- Flag Coat of arms
- Location of the municipality and town inside Cundinamarca Department of Colombia
- Quipile Location in Colombia
- Coordinates: 4°44′36″N 74°34′0″W﻿ / ﻿4.74333°N 74.56667°W
- Country: Colombia
- Department: Cundinamarca
- Province: Tequendama Province
- Founded: 12 November 1825
- Founder: José María Lozano

Government
- • Mayor: Pedro Luis Aponte Castro (2016-2019)

Area
- • Municipality and town: 127.6 km^{2} (49.3 sq mi)
- • Urban: 0.35 km^{2} (0.14 sq mi)
- Elevation: 2,012 m (6,601 ft)

Population (2015)
- • Municipality and town: 8,164
- • Density: 63.98/km^{2} (165.7/sq mi)
- • Urban: 676
- Time zone: UTC-5 (Colombia Standard Time)
- Website: Official website

= Quipile =

Quipile is a municipality and town of Colombia in the Tequendama Province of the department of Cundinamarca. The municipality borders Bituima and Vianí in the north, Jerusalén and Anapoima in the south, Anolaima, Cachipay and La Mesa in the east and San Juan de Rioseco and Pulí in the west. The urban centre is located at an altitude of 2012 m at a distance of 83 km from the capital Bogotá.

== Etymology ==
The name Quipile comes from the Cariban language of the Panche and means "strong and superior place". It is derived from Quipili, the name of the cacique of the Panche.

== History ==
In the time before the Spanish conquest of the Muisca, Quipile was inhabited by the Panche. They were submitted to the Spanish rule of the New Kingdom of Granada in the Battle of Tocarema, which took place on August 20, 1538.
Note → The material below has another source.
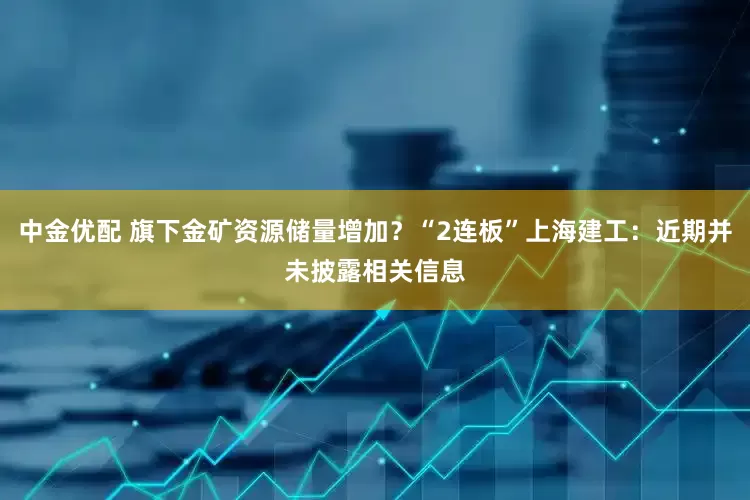 中金优配 旗下金矿资源储量增加？“2连板”上海建工：近期并未披露相关信息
The date and name of the founder is unknown but traditionally set at November 12, 1825 by José María Lozano.

== Economy ==
Quipile is an agrarian community with main products coffee, sugarcane and bananas cultivated.

== Paleontology ==
In 1956, fossil remains of Megatherium and Mastodon; Pleistocene megafauna dated at 460,000 years BP, were discovered within the boundaries of Quipile.